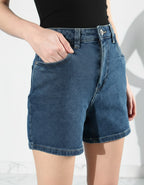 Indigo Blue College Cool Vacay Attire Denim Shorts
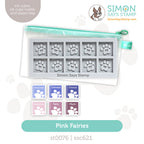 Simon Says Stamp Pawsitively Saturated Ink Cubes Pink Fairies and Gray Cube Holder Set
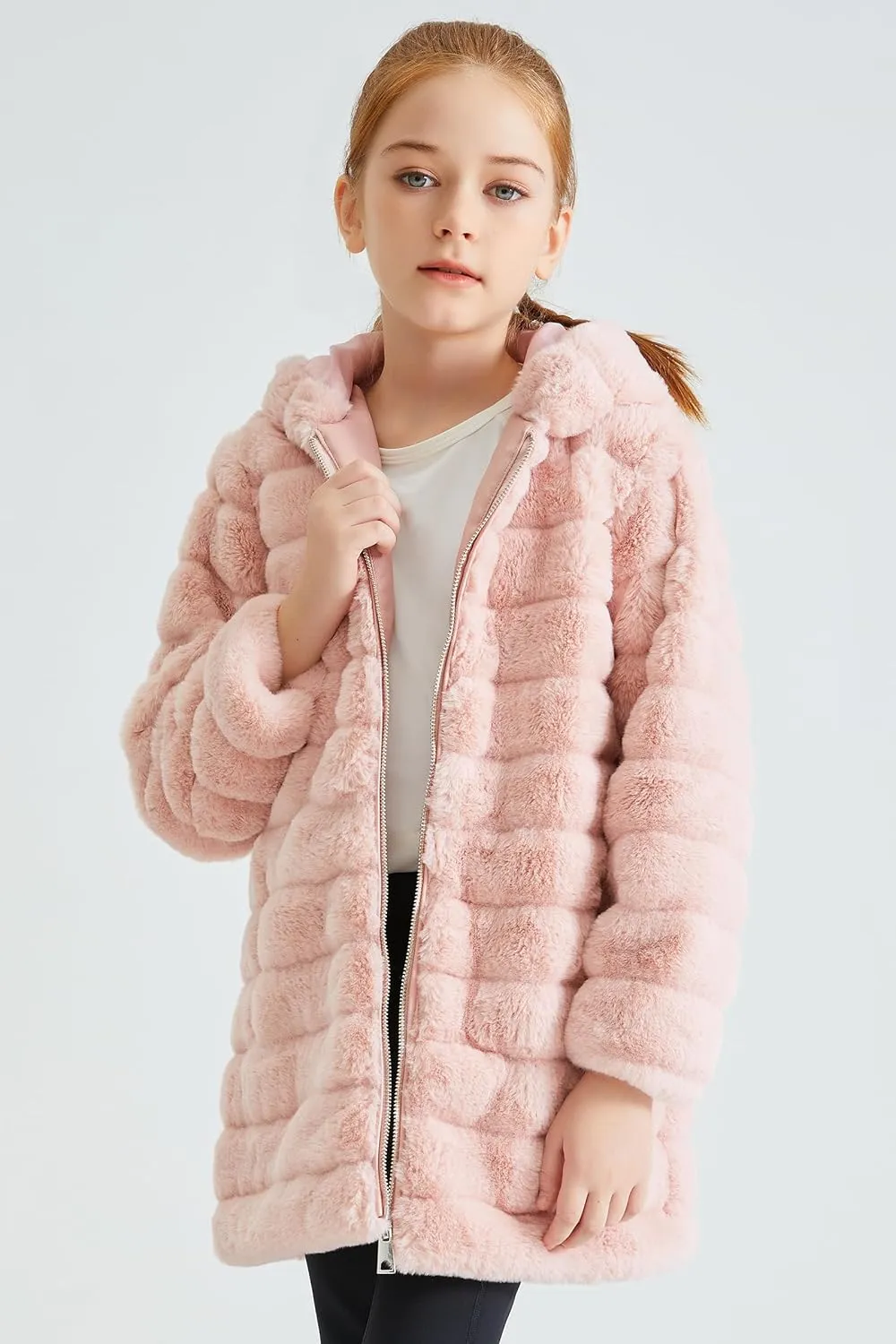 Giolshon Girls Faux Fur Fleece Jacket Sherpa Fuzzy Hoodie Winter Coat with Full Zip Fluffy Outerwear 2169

EXERCISE DETAILS:
Where a line contains "Simon Says Stamp", begin there and set down exactly each line through the end of the data above, omitting any pictures.

REPLY TO THE EXERCISE:
 Simon Says Stamp Pawsitively Saturated Ink Cubes Pink Fairies and Gray Cube Holder Set
 Giolshon Girls Faux Fur Fleece Jacket Sherpa Fuzzy Hoodie Winter Coat with Full Zip Fluffy Outerwear 2169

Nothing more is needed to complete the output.